A big thank you to Simon Bainbridge and the rest of the crew at the British Journal of Photography for featuring my work on the 2016 election in the November issue of the British Journal of Photography. There were a handful of images published across 5 pages (seen here) in the print edition, and more online.
I haven't seen the print copy in person yet, so I haven't gotten to see the other half of the feature with Greg Miller's beautiful project "We The People," but you can check it out on his website or the BJP site.
I spent election night covering Donald Trump's rally for Bloomberg Businessweek. You can see the results in these spreads from the Nov. 14-20, 2016, issue of the magazine. There are additional images on the Bloomberg website: Inside Election Night at the Trump and Clinton Parties: Photos of shocked joy and stunned silence as the results came in.
What we know now that I didn't know then, was that Trump would win the election that night. The plan from the get-go was to have two covers, one from Clinton's rally and one from Trump's, each focusing on supporters. We thought my coverage would be of disappointed Trump supporters, but halfway through that really long night, it became apparent that I was covering a victory celebration. My friend Jonno Rattman, a photographer you should check out if you don't know his work, covered Clinton, and it was an honor to share the election night coverage with him. Check out the two covers side-by-side. His pictures are also seen next to mine in two of the 4-image spreads included here, and he had a couple of additional double-trucks not shown here.

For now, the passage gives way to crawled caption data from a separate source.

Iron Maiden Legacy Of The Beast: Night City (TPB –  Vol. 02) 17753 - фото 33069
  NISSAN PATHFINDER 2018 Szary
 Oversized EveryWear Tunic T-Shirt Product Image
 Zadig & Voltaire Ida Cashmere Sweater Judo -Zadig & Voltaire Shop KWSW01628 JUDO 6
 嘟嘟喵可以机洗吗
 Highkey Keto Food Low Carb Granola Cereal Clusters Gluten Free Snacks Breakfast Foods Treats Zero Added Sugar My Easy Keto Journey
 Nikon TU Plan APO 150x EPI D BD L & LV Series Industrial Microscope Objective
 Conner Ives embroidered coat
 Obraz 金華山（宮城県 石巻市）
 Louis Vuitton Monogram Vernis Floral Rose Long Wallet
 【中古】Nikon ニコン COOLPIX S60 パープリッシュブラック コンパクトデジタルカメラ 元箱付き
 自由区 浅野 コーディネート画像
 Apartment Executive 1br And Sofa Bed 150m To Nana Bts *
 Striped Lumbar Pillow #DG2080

A huge thank you to Clinton and Eugene (with whom I worked on the Bus to November project), and the wonderful designers and other editors at Bloomberg Businessweek. They had a great plan for the coverage going into the final day, and then when it all changed at the last minute, provided great support throughout the night and then made a magazine in a few hours on Nov. 9. I so rarely get to see the inner workings of editorial publishing up close, but in this case it was impressive to see it all come together.
In September 2016, I was invited to Sofia, Bulgaria, by BG Press Photo (БГ Прес Фото) for an exhibition of my work, "This is the worst party I've ever been to.", a couple of lectures, and a workshop and portfolio reviews with Bulgarian photographers, all part of Sofia Photo Fest. It was a great opportunity to bring the work to a new audience. We also got a lot of interest about the exhibition from national press. I spoke to print and television reporters from various national outlets. Embedded below are television interviews with bTV, BNT, and others. There were also print interviews with No Comment, the Union of Bulgarian Journalists, and others.
You can see some images from my exhibition here and read a bit about it all (in Bulgarian) at the BG Press Photo website.
Videos of three television appearances are embedded below, as are facebook posts by BG Press Photo with images from various parts of my participation in the festival.
I could not have had a better time in Bulgaria. There is tremendous talent among the ranks of the Bulgarian press photography community and I'm glad for the opportunity to have seen some of it. Special thanks are due to Denislav Stoychev and Tsvetan Tomchev, whose tireless work make the annual festival happen. They're great guys and I'll always cherish the many hours spent talking and laughing with them. Thanks to Bobi Kirilov and Teodor Todorov for the many hours they spent making sure the exhibition and other events went as planned. And I'm very happy to have gotten time to meet Bulgarian photographers such as Hristo Hristov, Rosina Pencheva, Georgi Paleykov, Georgi Kozhuharov, Anastas Tarpanov, Evegeni Dimitrov and others from his agency BulPhoto, Antonio Georgiev-Hadjihristov, Liyana Pandelieva, and many others.
Thanks also to the generous sponsors of everything: BG Press Photo, the US Embassy in Sofia (and especially Tammy Paltchikov with the State Department), Vivacom, Photo Synthesis, and others. The prints in the exhibition were beautiful, and the opening picture (seen at the top of this entry) is the largest I've ever had a photo printed.